Five Different Udacity Student Controllers

The sixth month of the Udacity Self-Driving Car Engineer Nanodegree Program teaches students about control. Control is how we actually turn the steering wheel or press the pedals to get the car to follow a trajectory, and the algorithms that perform this work are called “controllers”.

Two of the most common controllers for automotive applications are proportional-integral-derivative (PID) controllers and model predictive controllers (MPC). These are the two controllers we teach in the Udacity program.

Here are five different approaches Udacity students have taken to build controllers that drive the Udacity self-driving car around our simulator!

PID controller, self driving car

Andrey Glushko

Andrey’s YouTube video simply mentions that his PID controller automatically learns hyperparameters. It looks like Andrey ran his car around the track multiple times and used some version of coordinate descent (the formal name for Sebastian’s Twiddle algorithm) to automatically tune the parameters.

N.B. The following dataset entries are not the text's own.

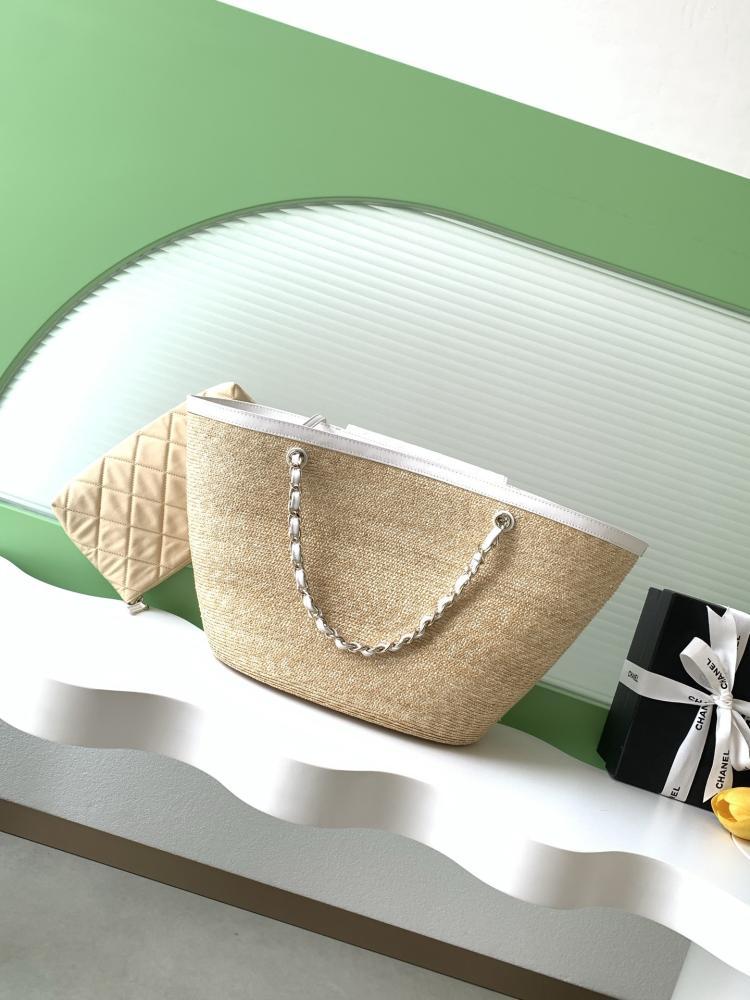 Classic Woven Straw Top Handle Bag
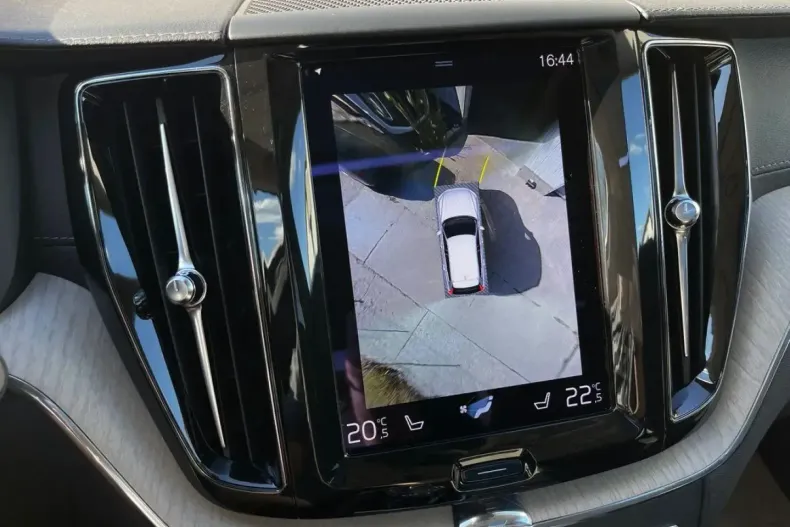 Volvo XC60 din 2021 cu 117.650 km - oferta VOL111223 - foto 15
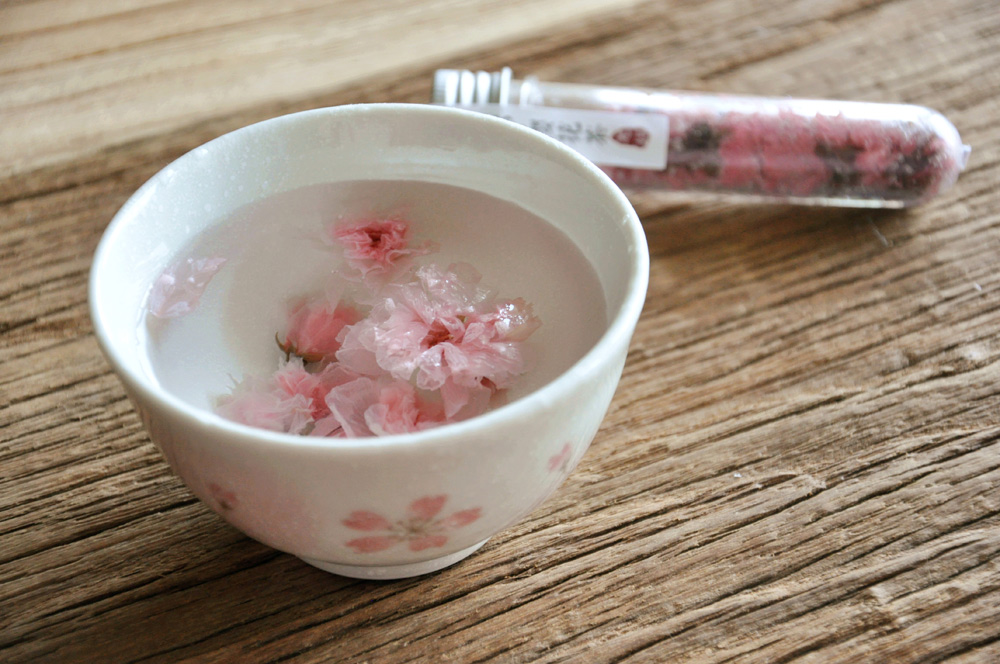 1.	Soak the candied / salted cherry blossom in cold water to remove the excess sugar / salt and to let the flowers unfold.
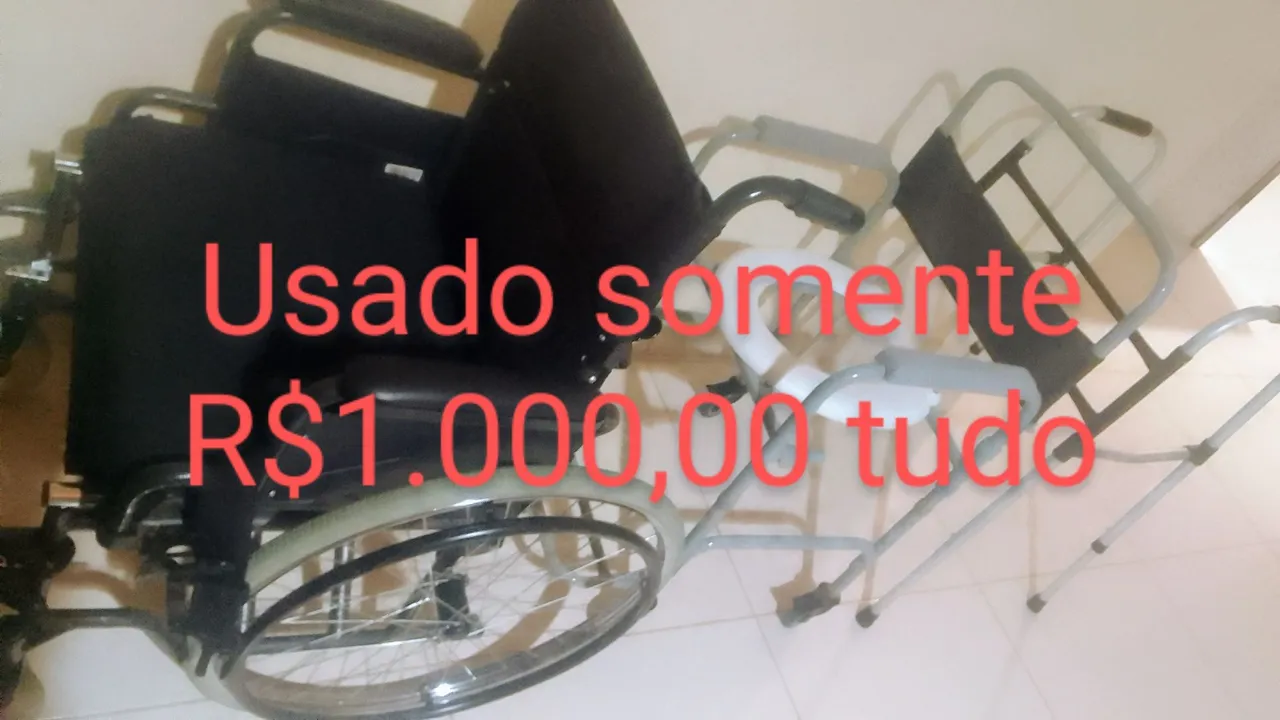 Cadeira de rodas e sanitário hospitalar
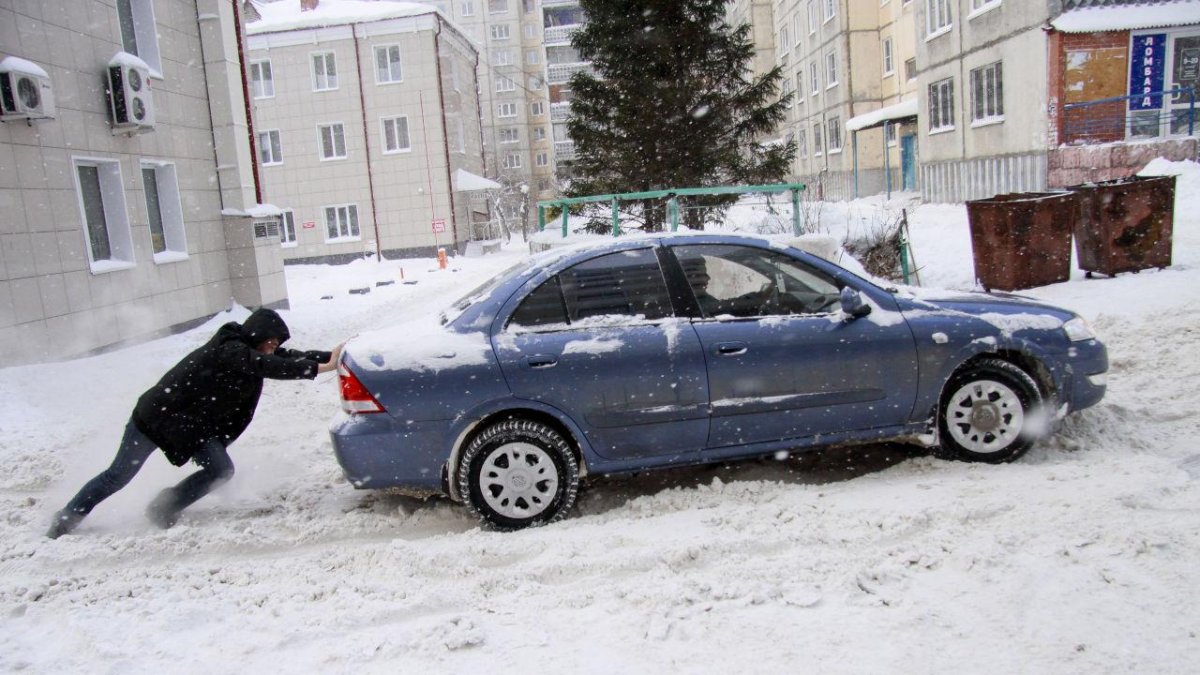 Толкают машину в снегу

“Implemented PID controller with automatically learned hyperparameters in C++ which allows the car learns to drive itself from scratch in the simulator.”

Autonomous Driving using Predictive Control Model

Anupriya Chhabra

Anupriya talks about a number of the complications she encountered in developing her model predictive controller, and how she overcame them. Many of these are similar to what autonomous vehicle engineers find when deploying controllers to actual vehicles.

“This project also factors in real world latency that can occur while applying actuator inputs. To simulate this the project’s main thread sleeps for 100ms before sending the actuations to simulator. To account for this while returning the actuations to simulator I use 2 set of actuations — the real actuations for next step and the next predicted actuation after dt which is 0.1 second(100 ms) in my case. Sending the sum of these 2 actuations makes the model proactively apply the next actuation and hence handles the 100ms latency.”

Steering Control for self-driving car

Priya Dwivedi

Priya provides a thorough walkthrough of how she built her model predictive controller. If you’re interested in a line-by-line breakdown of how MPC works, this is a great read.

“To estimate the ideal steering angle and throttle, we estimate the error of our new state from our ideal state — actual trajectory we want to follow and the velocity and orientation we want to maintain and use a Ipopt Solver to minimize this error. This helps select the steering and throttle that minimizes the error with the desired trajectory.”

Self-Driving Car Engineer Diary — 10

Andrew Wilkie

Andrew compares and contrasts PID and MPC, along with a brief review of Term 2 of the Nanodegree Program. He does a nice job of summarizing the different levels of fidelity at which you can build a controller.

“PID controller enables the car (robot) to follow some trajectory (x-axis reference line) while proportionally (how hard to correct steering), differentially (how gradually to return to the reference) and integrally (allow for wheel misalignment) applying the cross track error (CTE). It is simple to code, inexpensive to run (computationally) and takes little tuning effort to get something working. The down-side is that the car moves erratically and cannot accurately handle actuation latency (delay between command send and physical activation) .”

Udacity Self-Driving Car Nanodegree Project 10 — Model Predictive Control

Jeremy Shannon

I enjoy the musical selections Jeremy picks to underscore his project submissions, and this one is a lot of fun. The blog post also provides a nice perspective of what it’s like to complete the Udacity MPC project as a student.

“After some debugging and tuning the cost function, my car was making its way around the track. It was time to tear it all down by adding the latency — and that’s just what happened. My approach to dealing with it was twofold (not counting simply limiting the speed): the original kinematic equations depend upon the actuations from the previous time step, but with a delay of 100ms (which happened to be my time step interval) the actuations are applied another time step later, so I altered the equations to account for this.”